You can save as much as you can, but most people end up needing to borrow money to fill in the gaps. If you’re wondering should you take out a loan, the answer depends on what type of personal loan you mean.

Generally speaking, you should only use private or federal student loans to pay for tuition. These financial products are designed to cover the cost of attendance.

Normally, the cost of attendance covers campus meals, residence, and textbooks on top of tuition. This year, your college may factor at-home living expenses into your cost of tuition. This distinction allows you to use financial aid to cover your at-home living expenses, provided your college makes these changes.

If you need to borrow money to pay for college, stick with federal student loans and don’t forget to apply for FAFSA (Free Application for Federal Student Aid). Nearly $3 billion goes unclaimed each year.

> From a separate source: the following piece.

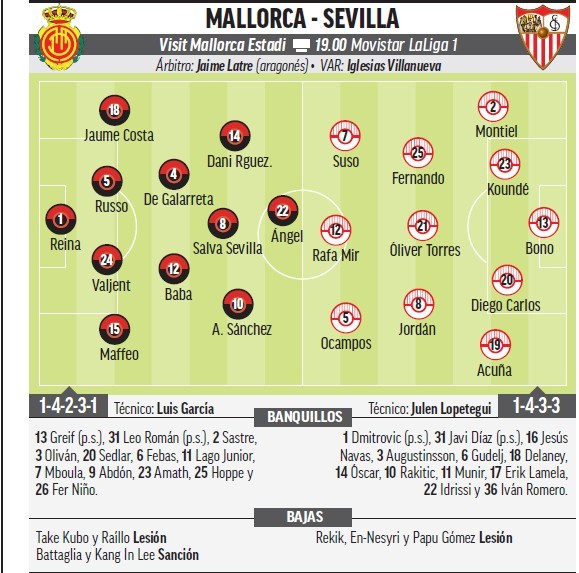 Mallorca - Sevilla: Horario, canal y dónde ver en TV hoy el partido de la jornada 11 de Primera División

As for installment loans, reserve these for unexpected emergency expenses that arise now that you’re living off-campus.

Let’s say you’re now living in a suburb without a reliable public transit system; you may need a vehicle to get around. If you experience unexpected car trouble, you may consider an installment loan.

Before you borrow anything, always read over the final terms and conditions to make sure it’s something you can afford. That goes for financial aid, too. While some student loans won’t require payments until after you graduate, others will operate like installment loans in that you will have to make payments while you’re still in school.

If you do have to make payments while you’re enrolled, consider taking on a part-time job to help you cover this extra expense. You may also consider cutting back on your expenses by moving in with more roommates.

Keep this in mind as you prepare for a new semester. It may not look or feel like any school year you’ve had before, but it will likely cost the same.